We put this to Craig, asking again about fears that, despite Digital Wallet being able to predict ahead of time what you’re going to be spending – which will go some way to allaying those concerns – there may still be an instance where there are a huge amount of conversations with not much value provided in return. Even with the Digital Wallet, you cannot simply cap the bill, like you can with a cell phone data plan.
He told us: “The product and the Digital Wallet are evolving, so that is clearly something that is on the roadmap to provide. Again, the customer controls what the agent does and when they do it, so the customer has complete control of this. These are the inquiries that are coming in and what I want the agent to do. They have control of it, and they have a Digital Wallet that gets them to predict it.
“I think the thing you said early on in the conversation is, each action should be very correlated to some value that you’re getting. And so if you have that example where it spikes up, well, if the agent is doing discrete things that a human would have had to do or something else, they’re getting value out of that specific action.”
What Exactly Is an Action?
All actions are not created equal. Closing a case, changing a status value, sending an SMS, or escalating something will each have a different level of value to a business, so is it the case that each of these actions costs $0.10 across the board?

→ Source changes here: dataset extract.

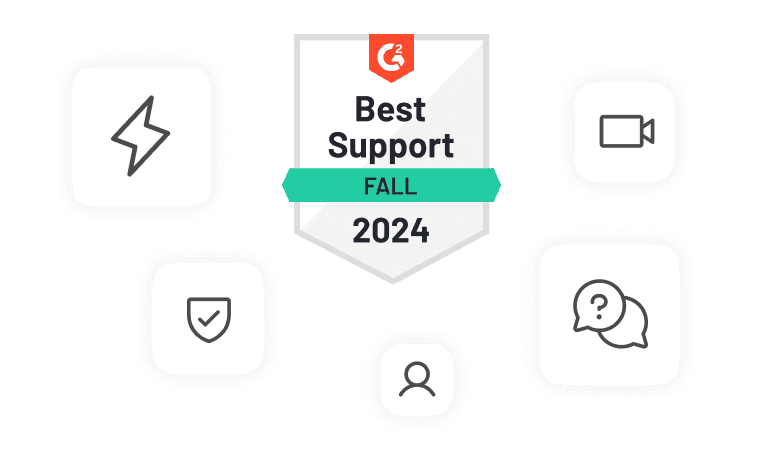 Award for Spacebring coworking space management platform best support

When Salesforce Ben put this to Craig, he told us: “When we went out and we talked to our customers for the last six months, initially we had tried to bucket actions into different values. Just like what you’re explaining.
“The feedback that we got was, although academically, that’s maybe the right thing to do, it was really hard. And so customers told us, ‘Hey, start with just one action price, and we understand that there’ll be some that are a lower value and some that are higher, but on average [they even out].

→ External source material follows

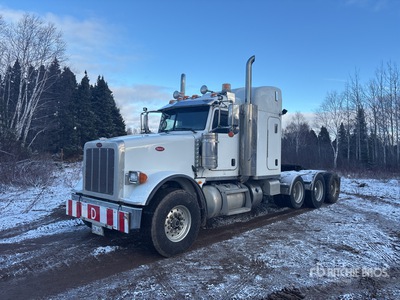 2017 Peterbilt 367 8x4 Heavy Haul Tri/A Sleeper Truck Tractor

“So then we priced it much more competitively. I mean, 10 cents when you look at the other competitors in the market is really competitive. And so we think that that strategy will enable people to utilize it for almost all use cases.”
Are All Agents Created Equal?
We wondered if the pay-per-action model might bring in an extra dimension to the concept of what makes one agent better than another.

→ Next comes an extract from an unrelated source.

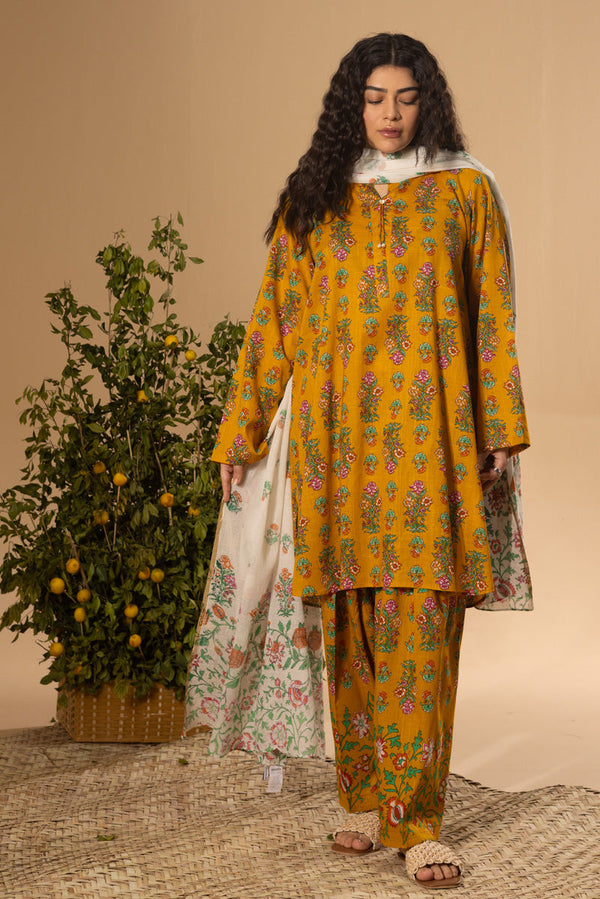 Block Petal Tassel Set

Hypothetically speaking, is it the case that one good agent could solve a certain problem in just one action, whereas another bad agent might take several steps to achieve the same result?
If so, this would mean that people might want to minimize costs and – either explicitly or implicitly – train their agents to take as few actions as possible to solve any given problem, meaning results might suffer when a several-action approach would have been needed.
Craig told us he did not like the phrase “good agents” or “bad agents”, adding: “Our customers can define exactly how an agent works and what they do. It’s up to our customer to say, ‘Do I want this agent to do one action or do I want this agent to do four actions’, for a variety of different reasons.
“They have that control. So they can build their agents however they want, and that will define how the actions are burned down.”
Final Thoughts
Salesforce were eager to stress one concept loud and clear to potential Agentforce customers: control. From what the agent does, to how much you are spending, and even how Salesforce tackles their own roadmap for Agentforce, Craig stressed that they are listening to their customers, giving them what they ask for, and letting them decide how exactly their agents operate.
While the ecosystem is great at providing some snappy criticisms of the CRM giant – the 1990s cell phone comment was particularly funny, I thought – it is also good at giving credit where it is due.
The Mothership is an enormous entity, so change can sometimes be slow and conservative by dint of this, but this move, if nothing else, seems to be a step in the right direction towards addressing some community concerns around Agentforce pricing.